Ich elender Mensch, wer wird mich erlösen? BWV 48 / BC A 144
Nineteenth Sunday after Trinity, October 3, 1723
This cantata, Ich elender Mensch, wer wird mich erlösen? BWV 48 (O wretched man that I am, who shall deliver me?), for the nineteenth Sunday after Trinity, originated in Bach’s first year in Leipzig. The Sunday Gospel reading is found in Matthew 9 and tells of Jesus’s healing of a man sick with palsy:And he entered the boat and crossed back over and came into his own city. And behold, they brought him a man sick with palsy, lying on a bed. As now Jesus saw their faith, he spoke to the one sick with palsy: Be of good cheer, my son; your sins are forgiven. And see, several of the lawyers spoke among themselves: This man blasphemes God! However, as Jesus saw their thoughts, he said: Why do you think such evil in your hearts? What is easier to say: Your sins are forgiven, or to say: Stand up and walk? But so that you know that the son of man has the power to forgive sins on earth (he said to the one sick with palsy): Stand up, pick up your bed, and go home! And he stood up and went home. As the people saw that, they marveled and praised God, who had given such power to men. (1–8)

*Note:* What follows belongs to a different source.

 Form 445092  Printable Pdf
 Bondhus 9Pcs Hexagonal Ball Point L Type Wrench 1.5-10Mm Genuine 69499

The unidentified librettist of our cantata interprets the account of the healing in the traditional fashion, letting illness stand for sin and restoration to health for salvation. To begin his libretto, he chooses a verse from Romans 7: “Ich elender Mensch, wer wird mich erlösen vom Leibe dieses Todes?” (24; O wretched man that I am, who shall deliver me out of the body of this death?). In the first recitative and its self-accusations, the librettist illustrates the struggle between spirit and the flesh, described earlier in Paul's letter:
O Schmerz, o Elend, so mich trifft,
Indem der Sünden Gift
Bei mir in Brust und Adern wütet:
Die Welt wird mir ein Siech- und Sterbehaus,
Der Leib muß seine Plagen
Bis zu dem Grabe mit sich tragen.
Allein die Seele fühlet den stärksten Gift,
Damit sie angestecket;
Drum, wenn der Schmerz den Leib des Todes trifft,
Wenn ihr der Kreuzkelch bitter schmecket,
So treibt er ihr ein brünstig Seufzen aus.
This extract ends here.